Gaza terror factions have fired more than 200 projectiles at Israel since Monday, the IDF stated, and six Israeli civilians sustained injuries in Ashkelon after two residential buildings sustained direct hits on Tuesday morning.
International IDF spokesman Lt. Col. Jonathan Conricus said that many of the military’s attacks on targets were planned “well in advance,” using “systematic intelligence and targeting. We are now executing strikes on targets that we detected, researched and analyzed for quite some time.”
The IDF estimated on Tuesday morning that it had killed 15 Hamas and Palestinian Islamic Jihad operatives since the start of hostilities.
Conricus added that the IDF has received reports that some of the armed enemy personnel were killed in an airstrike on a tunnel inside Gaza.
With the start of hostilities, armed operatives go into hiding, often underground—underneath or within civilian infrastructure, he said, “making it challenging to strike them. But we are targeting them.”
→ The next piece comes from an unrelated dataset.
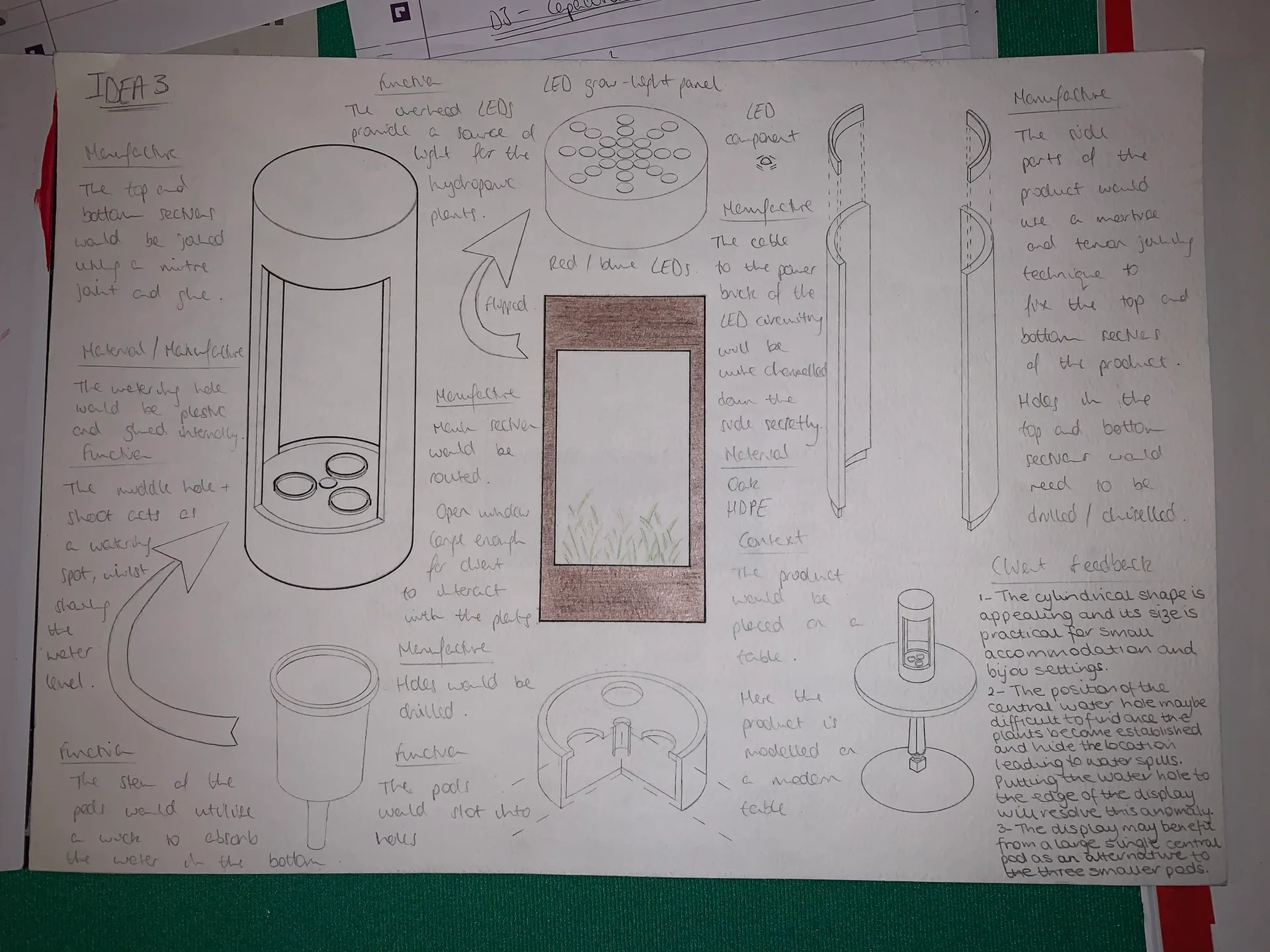 Hydroponics Project — image 4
Some of those hit were involved in the firing of rockets, while others were engaged in other types of military activity.
The Israeli Air Force is using fighter jets and unmanned aerial vehicles for “hunting these terror operatives,” said Conricus.
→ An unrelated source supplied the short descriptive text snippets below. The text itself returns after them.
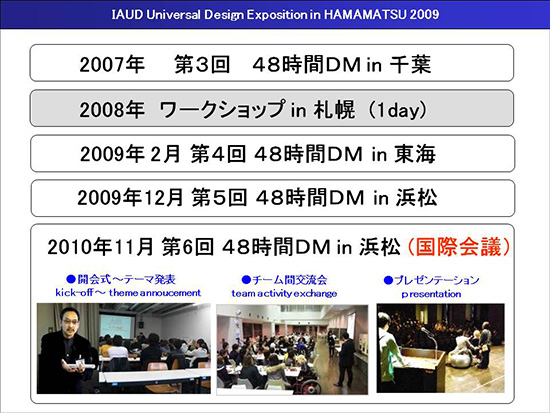 11.ワークショップ実施経緯２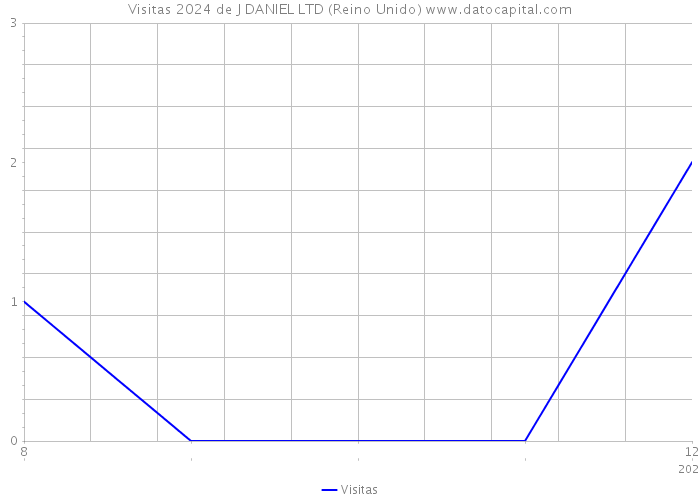 Visitas 2024 de J DANIEL LTD (Reino Unido) 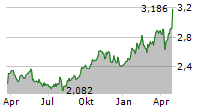 MAPFRE SA Chart 1 Jahr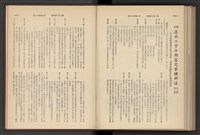 《加工出口區簡訊合訂本》第7卷第1期至第12期(數位)藏品圖，第302張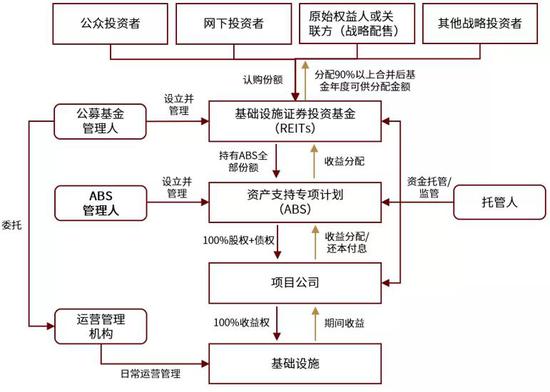 2024年澳门今晚开码料,市场趋势方案实施_游戏版256.183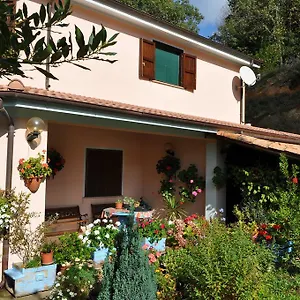 Séjour à la ferme Mattalè, Tonara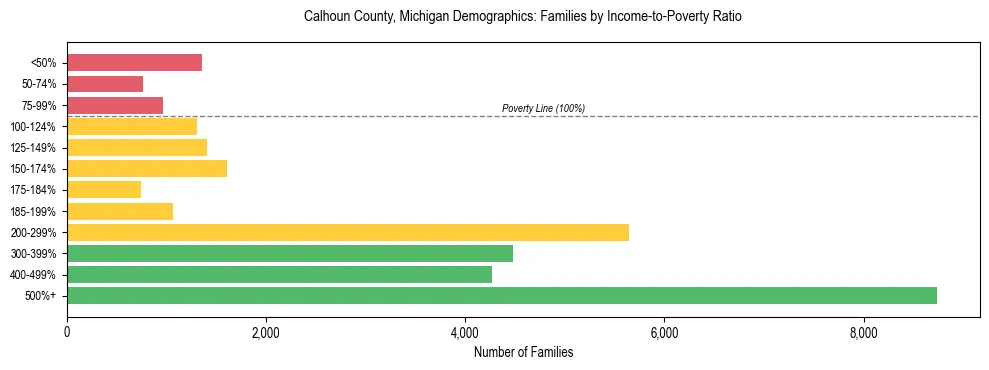 Horizontal bar chart showing family distribution by income-to-poverty ratio in Calhoun County, Michigan, based on 2023 ACS data.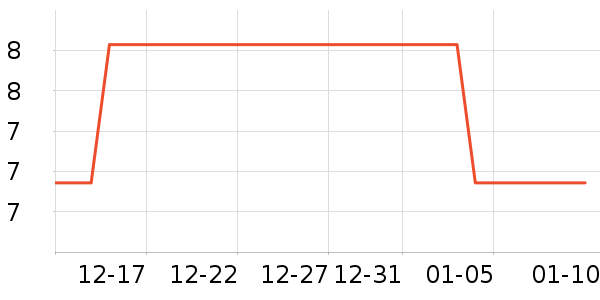 ����칫�ľ���ʷ�۸�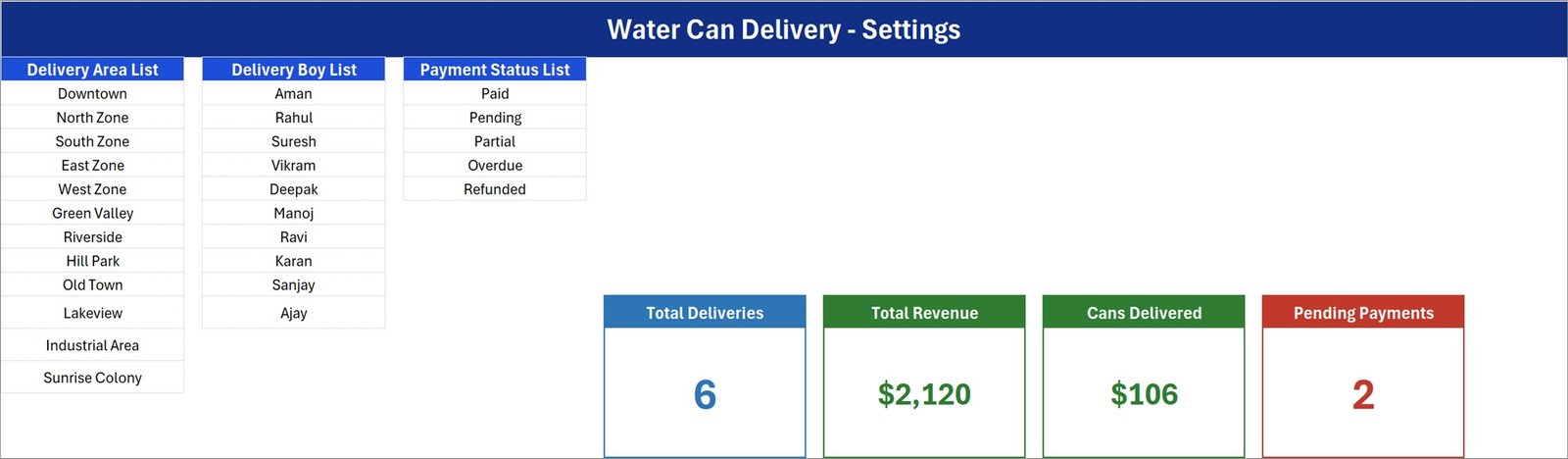 Setting sheet of the Water Can Delivery Data Entry System in Excel showing the Delivery Area List, Delivery Boy List and Payment Status List beside the four source KPI cards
Commenting on reports of civilian casualties in Gaza, Conricus said that the IDF is looking into those and could not yet confirm or deny its involvement. This was in reference to Gaza’s Health Ministry claiming that 20 people, including nine children, were killed in Israeli strikes.
“We are aware of Hamas and Palestinian Islamic Jihad efforts to nurture a narrative of harm done by Israel to noncombatants. That is not true. We take every effort to limit harm to noncombatants,” he said, adding that around one-third of the rockets fired at Israel since Monday have fallen short, exploding inside Gaza, causing casualties and damage inside the Strip.
The military spokesman divided targets in Gaza being struck by the IAF into four types: Rocket- and weapons-manufacturing facilities; storage facilities for the rockets and weapons; training facilities; and military bases in compounds that dot the Strip.
Special targets hit by the IAF included a Hamas intelligence operations center in southern Gaza, two terror-attack tunnels near the Israeli border that were in different stages of preparation and the home of a Hamas battalion commander in a high-rise building.
Unlike “Operation Protective Edge” in 2014, during which Israeli territory was infiltrated by dozens of cross-border attack tunnels, today the IDF has an underground sensory barrier that runs along the 65-kilometer (40-mile) Gaza border, automatically detecting and alerting the Israeli military to the presence of tunnels. The barrier has enabled the detection and destruction of 20 cross-border tunnels dug by Hamas and Palestinian Islamic Jihad since 2017, said Conricus.
The situation today is “totally different” from that of 2014, he said, concluding, “We see Hamas’s attack against Israel as a very severe one that will clearly not go unanswered. In terms of our posture, we are in the early stages of our counter-strikes. They will continue.”